Exercise instructions: Every line from the one holding "Ahmet Çakar Hadise’yi" to the end of the entries should be repeated exactly, with the pictures left out.

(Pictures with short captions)

┌────────

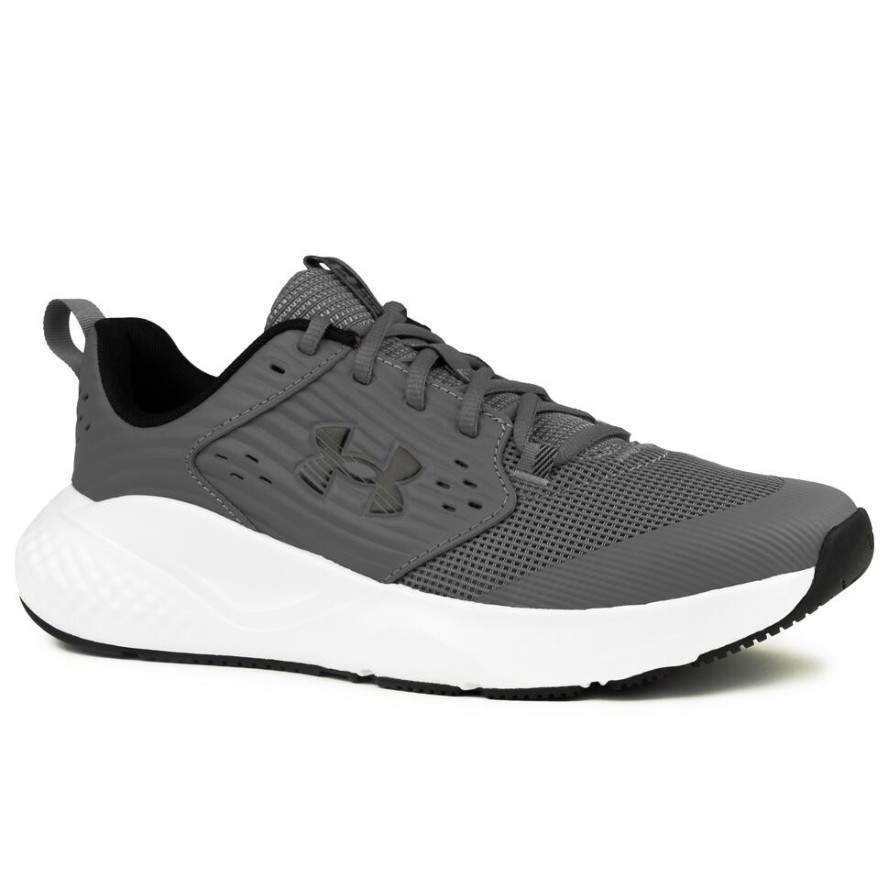 Buty męskie sportowe na trening Under Armour Ua Charged Commit Tr 4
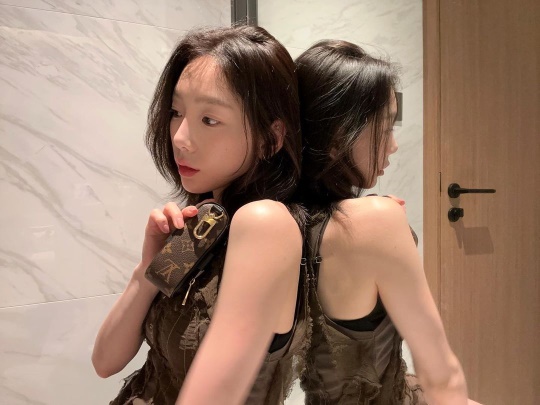 태연 채널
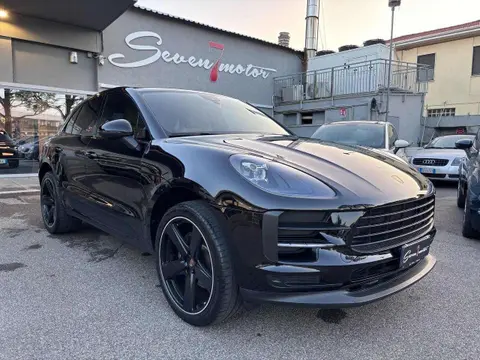 Used PORSCHE MACAN Petrol 2019 Ad 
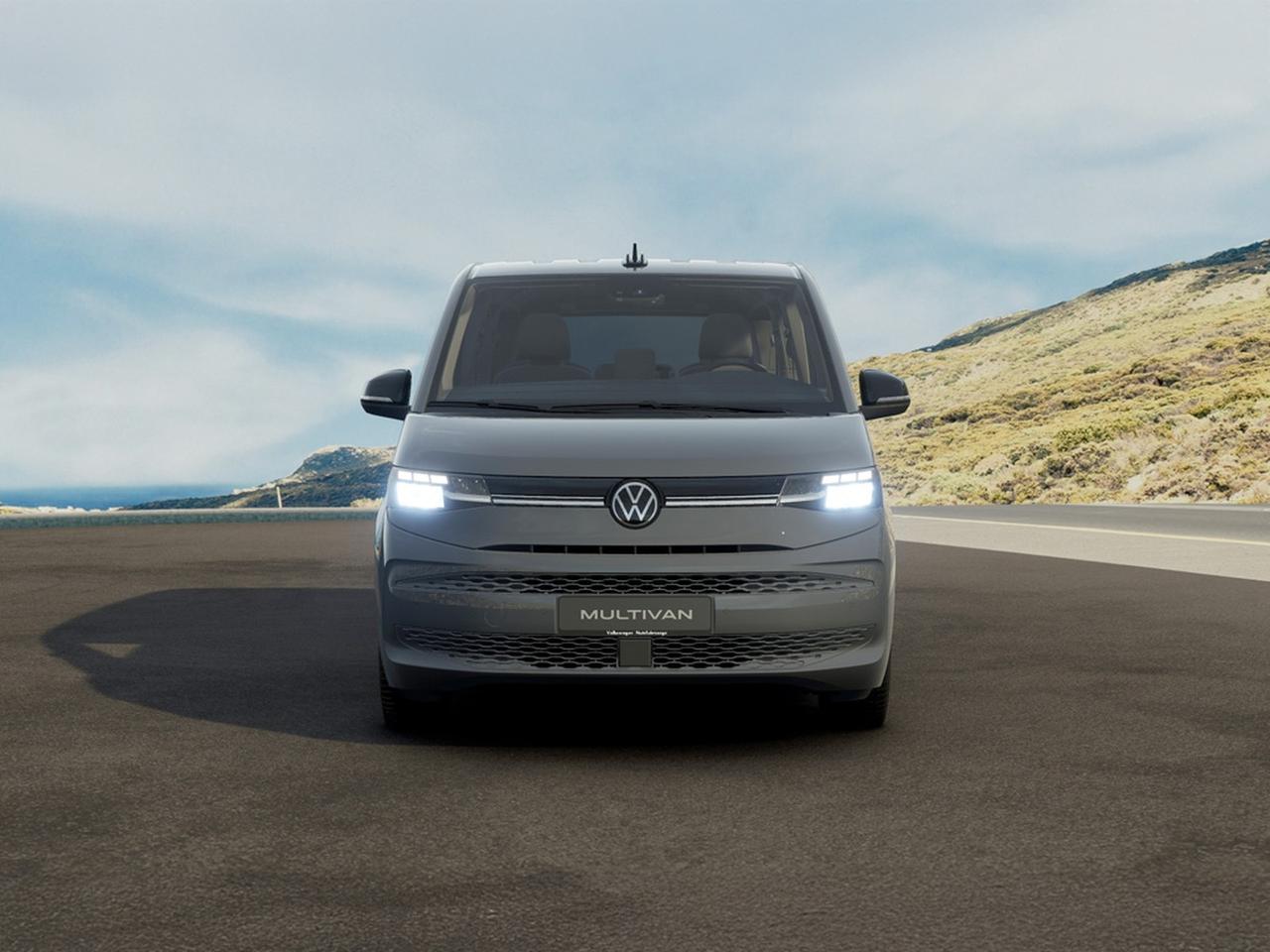 Volkswagen T7 Multivan lungo 2.0 tdi life 150cv dsg 7p.ti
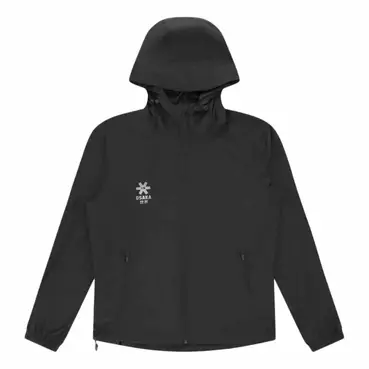 OSAKA Training 2.0 jacke Черный
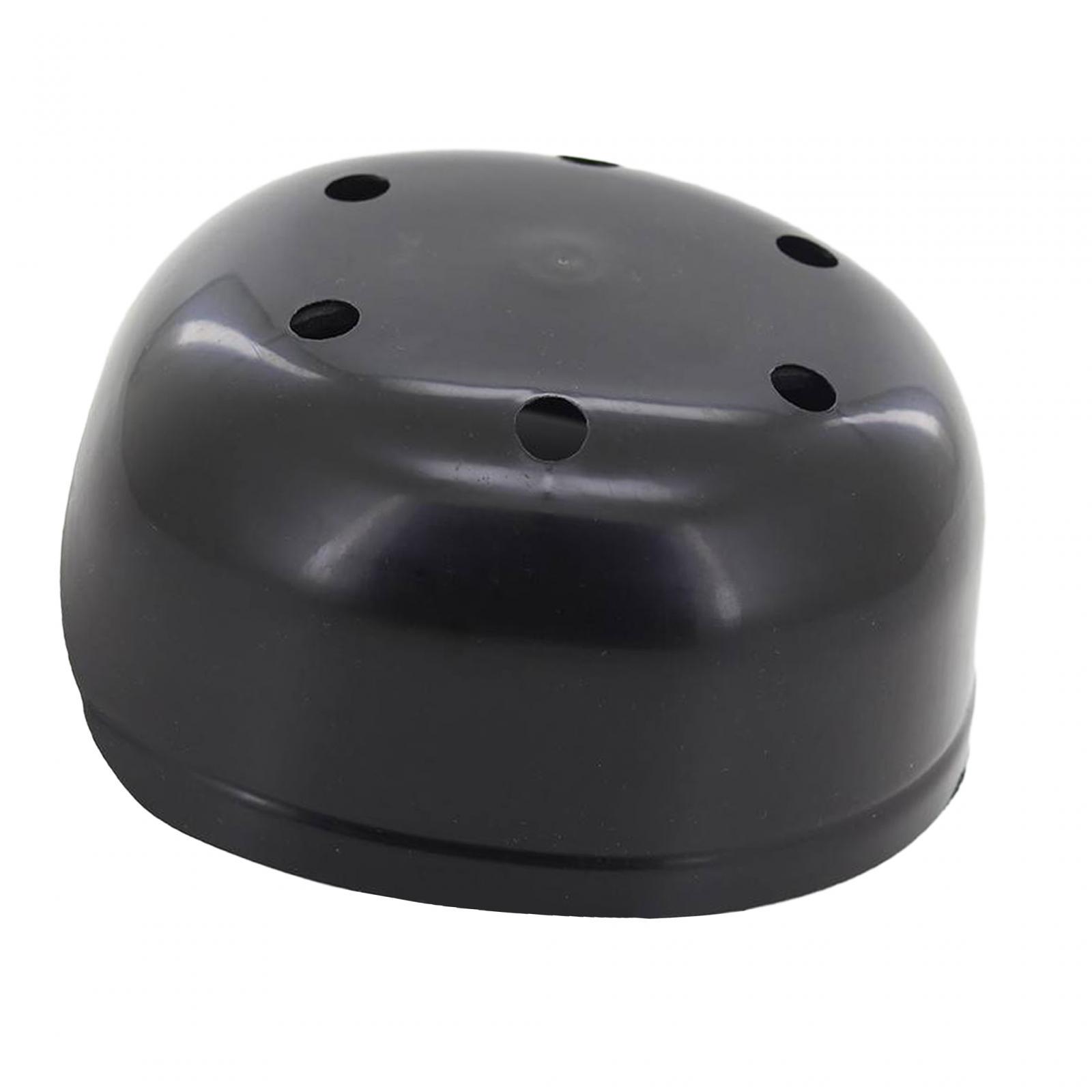 Vented Hat Insert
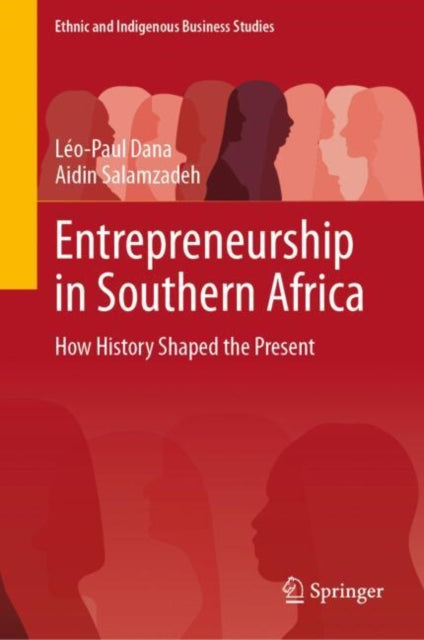 Ethnic and Indigenous Business Studies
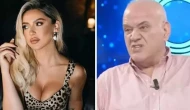 Ahmet Çakar Hadise’yi Yerden Yere Vurdu, Sinan Akçıl Sessiz Kalmadı!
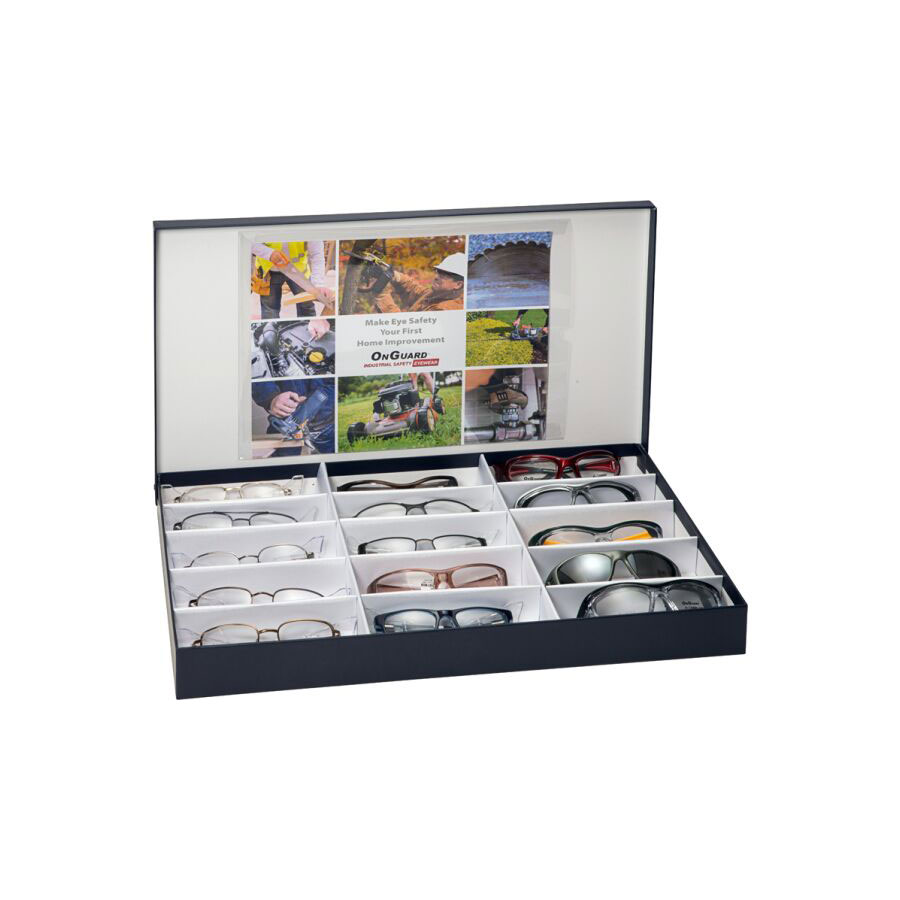 Safety Displays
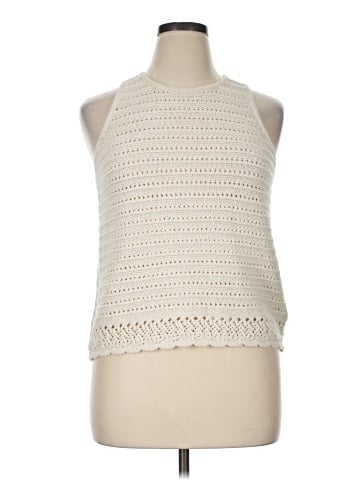 Madewell Sweater Vest (view 1)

└────────

Result of the task:
 Ahmet Çakar Hadise’yi Yerden Yere Vurdu, Sinan Akçıl Sessiz Kalmadı!
 Safety Displays
 Madewell Sweater Vest (view 1)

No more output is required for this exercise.